Dari enam cara AI tersebut, ada beberapa cara yang membantu dalam penelitian sejarah. Cara pertama adalah mengembalikan teks kuno dengan kecerdasan buatan. Teks kuno yang dimaksud adalah teks dalam bahasa Yunani. Sistem ini dibuat oleh DeepMind. Lalu cara kedua, mengidentifikasi wajah yang telah lama hilang. Proyek ini diberinama From Numbers to Names (N2N) yang berupaya mengidentifikasi wajah korban holocaust. Cara ketiga adalah algoritma yang mampu menguraikan bahasa yang hilang. Sistem ini dikembangkan di M.I.T. Amerika Serikat. Algoritma ini dilatih berdasarkan wawasan dari sejarah linguistik dan perubahan tipikal dalam bunyi bahasa seiring perkembangannya. Cara berikut adalah penemuan baru tentang artefak kuno. Di Belanda, para peneliti di University of Groningen menggunakan AI untuk membuat penemuan baru tentang naskah Laut Mati. Mereka berasal dari abad ke-4 SM dan dianggap manuskrip tertua dari Alkitab Ibrani. Dengan menggunakan teknik komputer dan AI, para peneliti dapat menyimpulkan bahwa gulungan naskah itu ditulis oleh dua orang, dan bukan satu orang seperti yang diperkirakan sebelumnya.
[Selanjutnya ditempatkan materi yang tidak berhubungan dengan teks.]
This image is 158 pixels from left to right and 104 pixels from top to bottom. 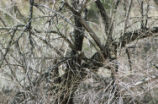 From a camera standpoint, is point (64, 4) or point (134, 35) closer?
point (64, 4)

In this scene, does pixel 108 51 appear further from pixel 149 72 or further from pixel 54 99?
pixel 54 99

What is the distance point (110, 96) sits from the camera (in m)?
4.26

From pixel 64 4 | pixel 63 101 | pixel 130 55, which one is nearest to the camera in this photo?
pixel 64 4

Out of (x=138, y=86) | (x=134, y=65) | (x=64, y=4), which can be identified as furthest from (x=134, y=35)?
(x=64, y=4)

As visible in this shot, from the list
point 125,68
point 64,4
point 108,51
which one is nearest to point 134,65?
point 125,68

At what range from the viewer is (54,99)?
4227mm

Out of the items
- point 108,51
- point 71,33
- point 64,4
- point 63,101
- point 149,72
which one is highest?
point 64,4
Cara terakhir adalah Bertemu orang-orang dari masa lalu dalam 3D. AI itu digunakan untuk menghidupkan kembali tokoh-tokoh dari masa lalu. Sebuah museum di India telah menciptakan ‘kembaran digital’ dari seorang seniman yang meninggal pada tahun 2011, menurut sebuah artikel oleh firma hukum AS Lutzker & Lutzker. Hologram 3D pelukis M.F. Husain memiliki kemampuan untuk menjawab pertanyaan tentang kehidupan dan pekerjaannya. Pengenalan wajah dan teknologi pembelajaran mendalam lainnya digunakan untuk membuat avatar di Museum Seni dan Fotografi di Bengaluru (Bangalore), India.
Sebenarnya masih ada sistem-sistem lain yang masih dalam proses pengembangan atau sistem yang sudah dapat kita gunakan. Sistem AI yang pernah saya gunakan adalah Transkribus, sebuah model AI publik gratis untuk pengenalan teks tulisan tangan. Sistem itu membantu kita membaca tulisan tangan. Hasilnya tidak mengecewakan, jika kualitas tulisan tangan tersebut baik dan masih dapat dibaca. Tantangannya adalah kemampuan kita dalam memahami hasil pembacaan mesin tersebut karena mesin tetaplah mesin, berbeda dengan manusia. Dalam hal ini, kemampuan manusia yang memiliki nurani dan perasaan dalam menghadapi mesin yang harus diasah. Jangan sampai kita dikuasai mesin.
Untuk penelitian sejarah, sistem AI cukup membantu dan tetap unsur manusia harus tetap dikedepankan. Tampaknya perlu ada pembahasan ulang terkait metode dalam penelitian sejarah dengan menggunakan kecerdasan buatan tersebut.